The adverse impact of COVID-19 pandemic on cardiovascular disease prevention and management in England, Scotland and Wales: A population-scale analysis of trends in medication data
Abstract
Objectives
To estimate the impact of the COVID-19 pandemic on cardiovascular disease (CVD) and CVD management using routinely collected medication data as a proxy.
Design
Descriptive and interrupted time series analysis using anonymised individual-level population-scale data for 1.32 billion records of dispensed CVD medications across 15.8 million individuals in England, Scotland and Wales.
Setting
Community dispensed CVD medications with 100% coverage from England, Scotland and Wales, plus primary care prescribed CVD medications from England (including 98% English general practices).
Participants
15.8 million individuals aged 18+ years alive on 1stApril 2018 dispensed at least one CVD medicine in a year from England, Scotland and Wales.
Main outcome measures
Monthly counts, percent annual change (1stApril 2018 to 31stJuly 2021) and annual rates (1stMarch 2018 to 28thFebruary 2021) of medicines dispensed by CVD/ CVD risk factor; prevalent and incident use.
Results
Year-on-year change in dispensed CVD medicines by month were observed, with notable uplifts ahead of the first (11.8% higher in March 2020) but not subsequent national lockdowns.
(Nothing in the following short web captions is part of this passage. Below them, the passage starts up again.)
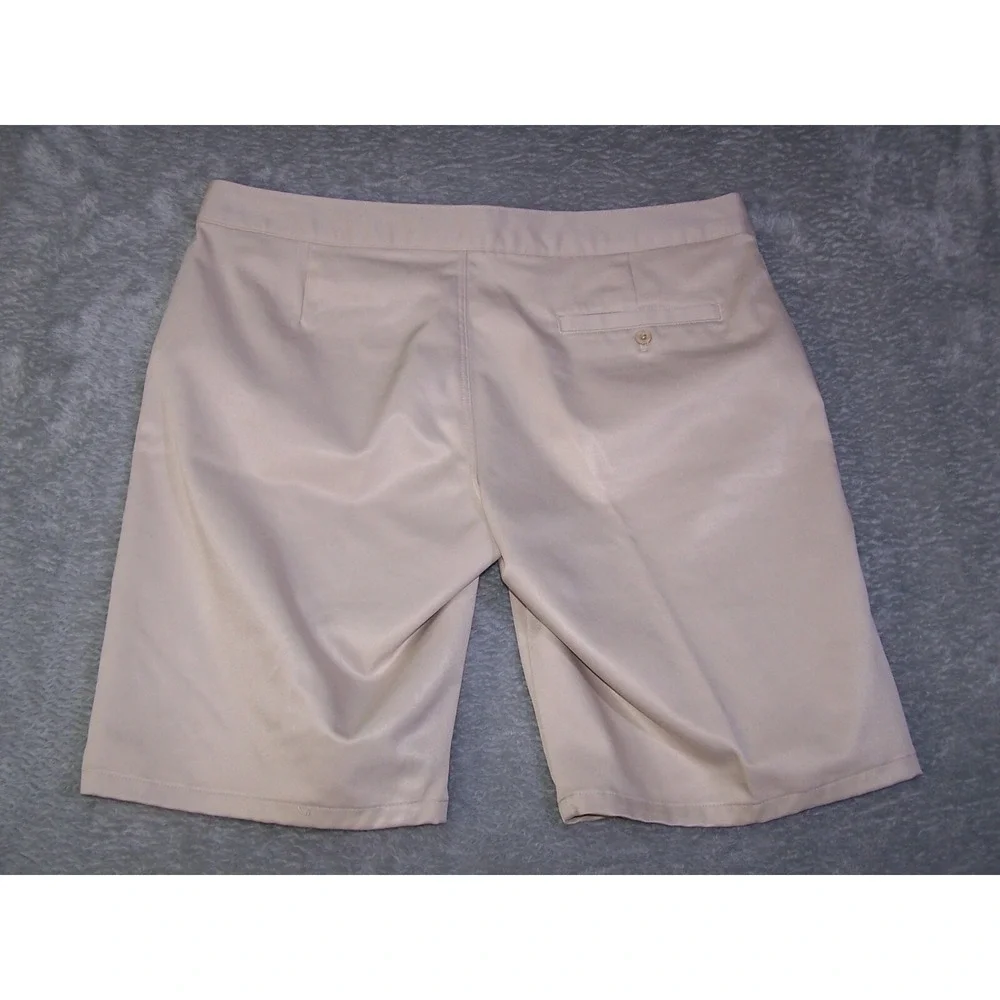 Under Armour Shorts Women's Size‎ 10 33X9.5 Performance khaki Tan Beige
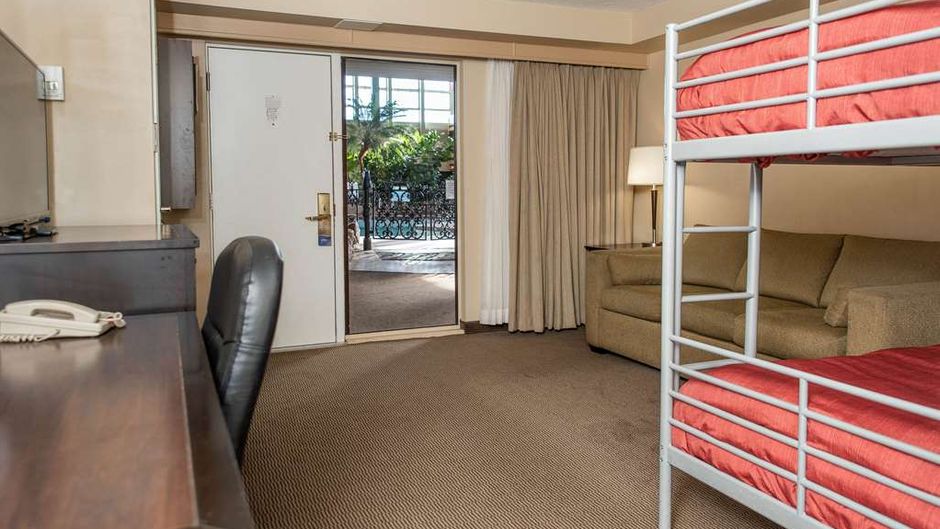 Baymont Inn & Suites Red Deer Suite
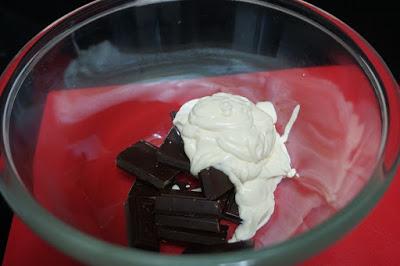 Tarta de turrón de chocolate con arroz inflado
Using hypertension as one example of the indirect impact of the pandemic, we observed 491,203 fewer individuals initiated antihypertensive treatment across England, Scotland and Wales during the period March 2020 to end May 2021 than would have been expected compared to 2019. We estimated that this missed antihypertension treatment could result in 13,659 additional CVD events should individuals remain untreated, including 2,281 additional myocardial infarctions (MIs) and 3,474 additional strokes. Incident use of lipid-lowering medicines decreased by an average 14,793 per month in early 2021 compared with the equivalent months prior to the pandemic in 2019. In contrast, the use of incident medicines to treat type-2 diabetes (T2DM) increased by approximately 1,642 patients per month.
Conclusions
Management of key CVD risk factors as proxied by incident use of CVD medicines has not returned to pre-pandemic levels in the UK. Novel methods to identify and treat individuals who have missed treatment are urgently required to avoid large numbers of additional future CVD events, further adding indirect cost of the COVID-19 pandemic.